Even for someone who had lived and worked over such a long period of time, the quantity, quality and breadth of Ringgold’s work was stunning.
What needs to be remembered now was Faith Ringgold’s activism on behalf of artists, particularly artists of color.
In the late 1960s the country (and the world) witnessed an explosion of cultural and political revolt and protest.
Part of all that was the Art Workers Coalition (AWC), in which Ringgold was a leading voice. She along with Tom Lloyd co-led a black coalition within the group.
The AWC was born out of an action at the Museum of Modern Art on January 3, 1969, when the artist Takis removed his sculpture (which was owned by the Museum) from an exhibition on the grounds that an artist had the right to control the exhibition and treatment of their work regardless of whether they had sold it.
This provided the catalyst for a group of artists and others to join together into the AWC. Throughout the course of the year, the AWC staged demonstrations, organized an open hearing, and attended meetings with MoMA staff to further their demands.
Bates Lowry was MoMA’s director at the time and also my father-in-law.
The AWC’s famous “13 Demands,” submitted to Bates Lowry on January 28, 1969, included point #2: “A section of the Museum, under the direction of black artists, should be devoted to showing the accomplishments of black artists.” And item #3: “The Museum’s activities should be extended into the Black, Spanish and other communities. It should also encourage exhibits with which these groups can identify.”
Other AWC demands included free admission which led to today’s common museum practice of having at least one free day a week.
On April 3, 1969, Ringgold along with Lloyd wrote a letter to Lowry informing him of their intention to “bring a group” to visit the Museum on April 16 in order to evaluate its program in terms of meeting and serving the needs of minority populations.
They wrote, “The glaring shortcomings of the Museum vis-à-vis the black and Puerto Rican communities clearly require the setting up of a special Black Wing to enable the Museum to present a harmonized portrayal of black culture in America.”
They proposed naming the wing the Martin Luther King, Jr., Wing for Black and Puerto Rican Art at The Museum of Modern Art.

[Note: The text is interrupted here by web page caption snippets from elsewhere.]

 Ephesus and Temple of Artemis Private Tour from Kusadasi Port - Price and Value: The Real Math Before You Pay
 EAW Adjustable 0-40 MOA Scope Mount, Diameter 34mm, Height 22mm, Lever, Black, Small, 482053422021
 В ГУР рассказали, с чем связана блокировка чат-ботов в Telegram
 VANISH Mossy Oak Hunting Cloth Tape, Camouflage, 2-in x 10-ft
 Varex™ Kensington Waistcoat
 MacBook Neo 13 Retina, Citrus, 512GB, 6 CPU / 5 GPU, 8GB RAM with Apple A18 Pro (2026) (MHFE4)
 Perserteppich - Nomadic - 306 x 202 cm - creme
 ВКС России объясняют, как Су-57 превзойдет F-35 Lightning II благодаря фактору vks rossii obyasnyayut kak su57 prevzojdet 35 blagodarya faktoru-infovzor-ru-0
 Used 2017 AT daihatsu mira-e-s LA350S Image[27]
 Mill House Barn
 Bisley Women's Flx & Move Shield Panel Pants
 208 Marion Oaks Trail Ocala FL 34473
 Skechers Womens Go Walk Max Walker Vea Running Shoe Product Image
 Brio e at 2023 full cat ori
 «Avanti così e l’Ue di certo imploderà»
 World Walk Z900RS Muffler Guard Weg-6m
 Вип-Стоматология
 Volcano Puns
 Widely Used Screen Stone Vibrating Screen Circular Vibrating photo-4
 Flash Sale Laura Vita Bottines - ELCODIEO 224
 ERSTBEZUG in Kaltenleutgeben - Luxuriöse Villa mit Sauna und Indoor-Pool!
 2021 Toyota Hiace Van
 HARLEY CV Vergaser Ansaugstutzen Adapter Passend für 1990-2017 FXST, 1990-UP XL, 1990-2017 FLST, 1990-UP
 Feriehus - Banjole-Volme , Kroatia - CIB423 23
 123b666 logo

Naming the wing for Dr. King wasn’t only a way to honor the civil rights hero, the proposed title was also intended as a criticism of the Museum.
From October 31 to November 3 1968, the Museum had hosted a tribute exhibition titled In Honor of Dr. Martin Luther King, Jr. It consisted of important and major works donated by approximately 80 leading American artists, all of which were to be sold to benefit the Southern Christian Leadership Conference, and concluded with a literary evening with readings by Ralph Ellison, James Baldwin, Robert Penn Warren, and Allen Ginsberg in the Museum auditorium.
The AWC called attention to the fact that the exhibition included work by very few African American artists. Ringgold and the AWC rebuked the Museum for grouping the work of Black artists together in the last room of the show in what for all intentions was an act of racial segregation.
For issues unrelated, Bates Lowry was fired by the MoMA trustees and replaced with John Hightower.
Hightower assumed the directorship of the Museum in May 1970, and he was sympathetic to the concerns of the AWC and other artist protest groups.
At Hightower’s urging, the Museum’s Board of Trustees convened a special subcommittee. A memo of June 29, 1970, with the subject line “Black, Puerto Rican and Other Ethnic Studies Program,” indicated that the committee was charged “to study the role of the Museum of Modern Art with respect to the works of various ethnic groups and to recommend to the Board of Trustees any changes in the operations of the Museum which it may find appropriate and desirable in order to increase its usefulness in this area.”
But Hightower didn’t last long as director. Barely six months in he too was fired and the Museum’s board of trustees, including David Rockefeller and CBS Chairman William Paley, lost interest in the project.